With this new data architecture in place, Gu’s team has been able to make an enormous amount of progress in a very short time: “In one year we onboarded Snowflake, automated all the deployments, migrated all of our Power BI reports from Postgres to Snowflake, migrated over 160 reports, 200 different DAGS over from Airflow to Dagster, replicating 66 databases from Postgres onto Snowflake,” he says. “Nearly 4,000 table feeds were being loaded every single day. Almost four terabytes of data, uncompressed, has been migrated to Snowflake to date—in less than a year with just a team of five, including myself.”
Gu estimates that had he attempted to take a code-first approach or used legacy transformation solutions, he would have needed a team 5x the size and it would have taken twice as long.

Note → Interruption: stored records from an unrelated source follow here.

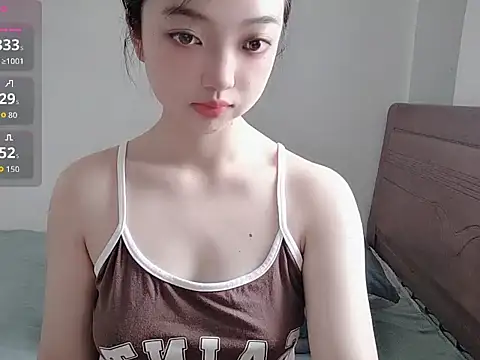 oblakitty  online show from 07-10-26, 12:37
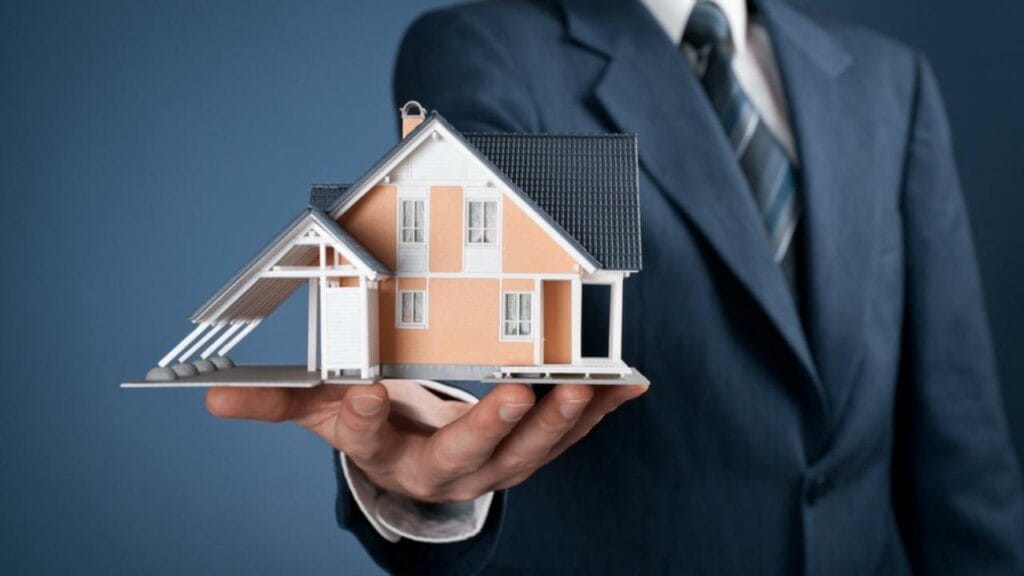 Фото: Shutterstock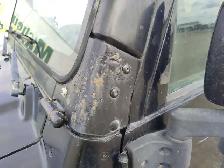 2006 Jeep Wrangler - Photo 35
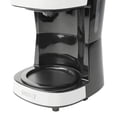 thumbnail image 2 of Haden Heritage 1.5 Liter  (12 Cup) Retro Coffee Maker, 2 of 4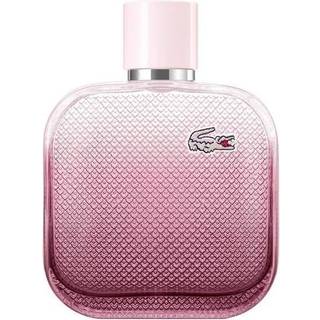 Lacoste L.12.12 Rose Eau Intense Eau de toilette 90 ml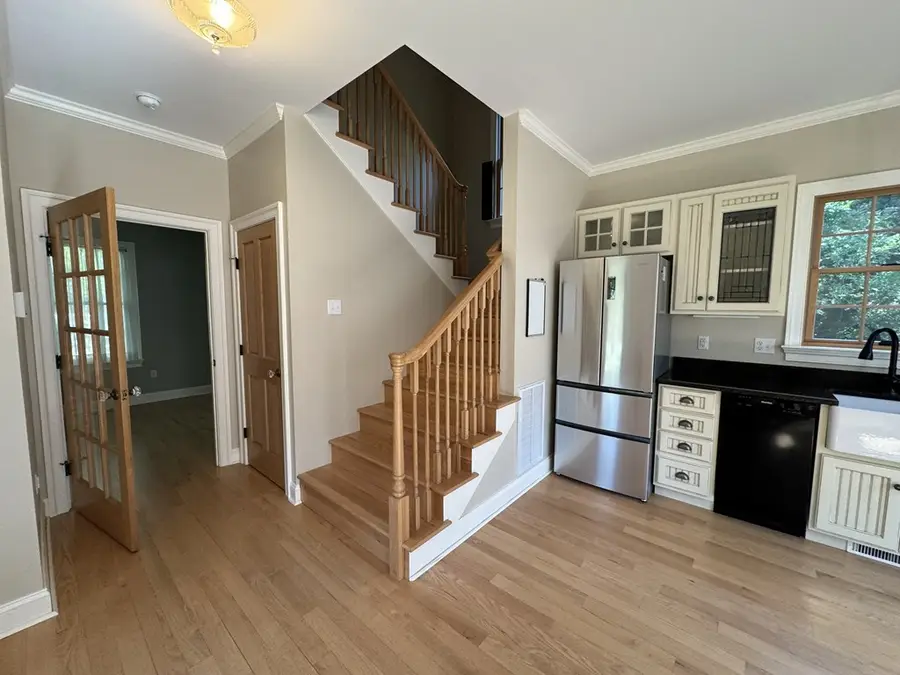 1 Jefferson St, Onancock, VA 23417 - #3
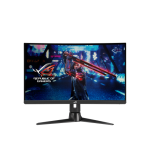 12526-ASUS ROG Swift XG27AQV 68,6 cm (27") 2560 x 1440 Pixeles Wide Quad HD Negro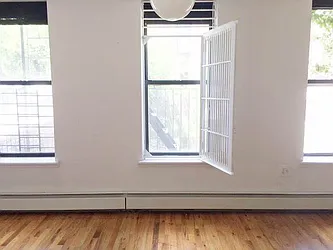 Rented by Cavanagh Properties LLC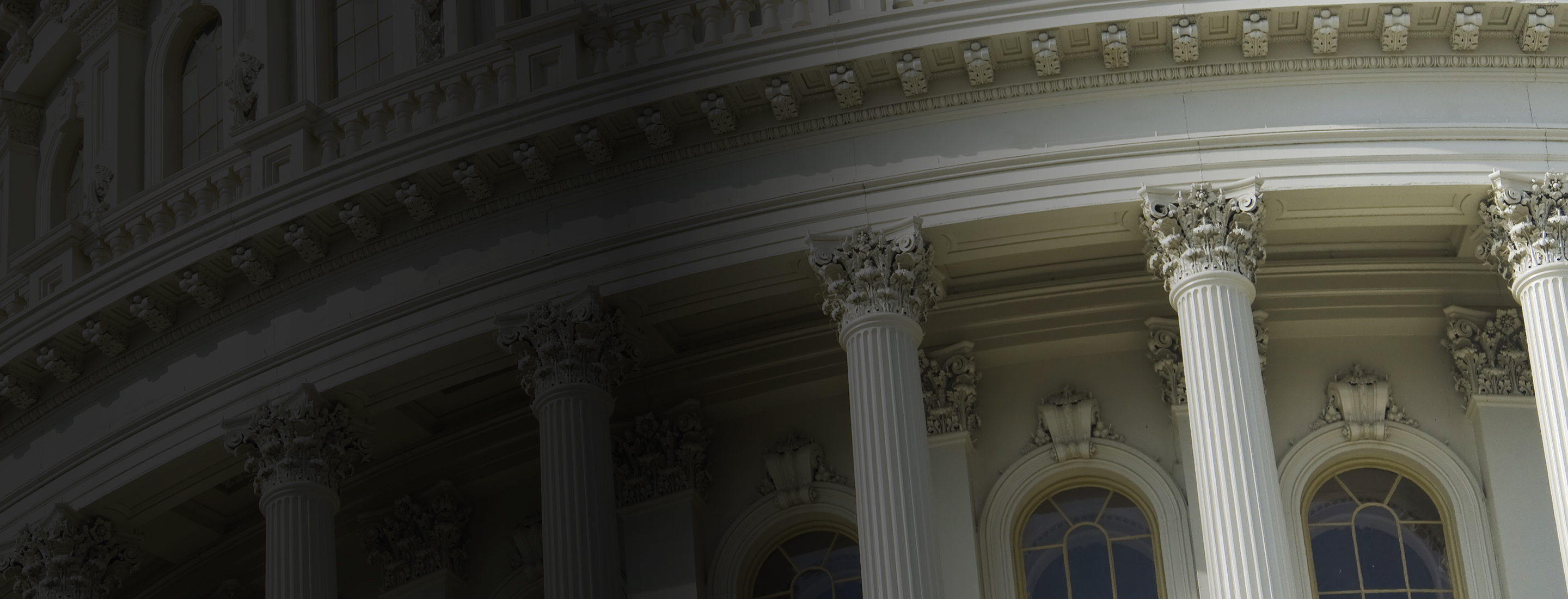 checkpoint-catalyst-insight-billboard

“Overall, I’ve always found Coalesce to be about 10 times more productive,” he says. “It was very easy to add columns, introduce columns, refactor some of the tables, redeploy, rerun. Coalesce makes it a lot simpler and faster for even making one change cycle. Part of it is column-level lineage, and part of it is the fact you have highly templated development from a standards perspective. You can have a more nimble, lightweight team to do the same amount of work because you’re more productive, while at the same time maintaining higher levels of standards.”
All of these changes have introduced a fundamental positive shift in the company. “About a month ago we had an initiative to optimize the productivity organization,” Gu recalls, “so we sat down with the users and identified the key outcomes and business processes, got the data points, created the data models, and deployed the insight. It took about two days from idea to insight—this is unheard of in our organization. This is something that usually takes three months, so to reduce this to just two days is a whole new paradigm.”
As far as his future plans, Gu’s goal is to disseminate the platform services his team has built to many different groups across the organization. His hope is this will allow them to become more data-centric without the need to rebuild the end-to-end platform and integrations from scratch: “Now other groups within the Group 1001 organization can start using what we’ve developed to build their own data models.”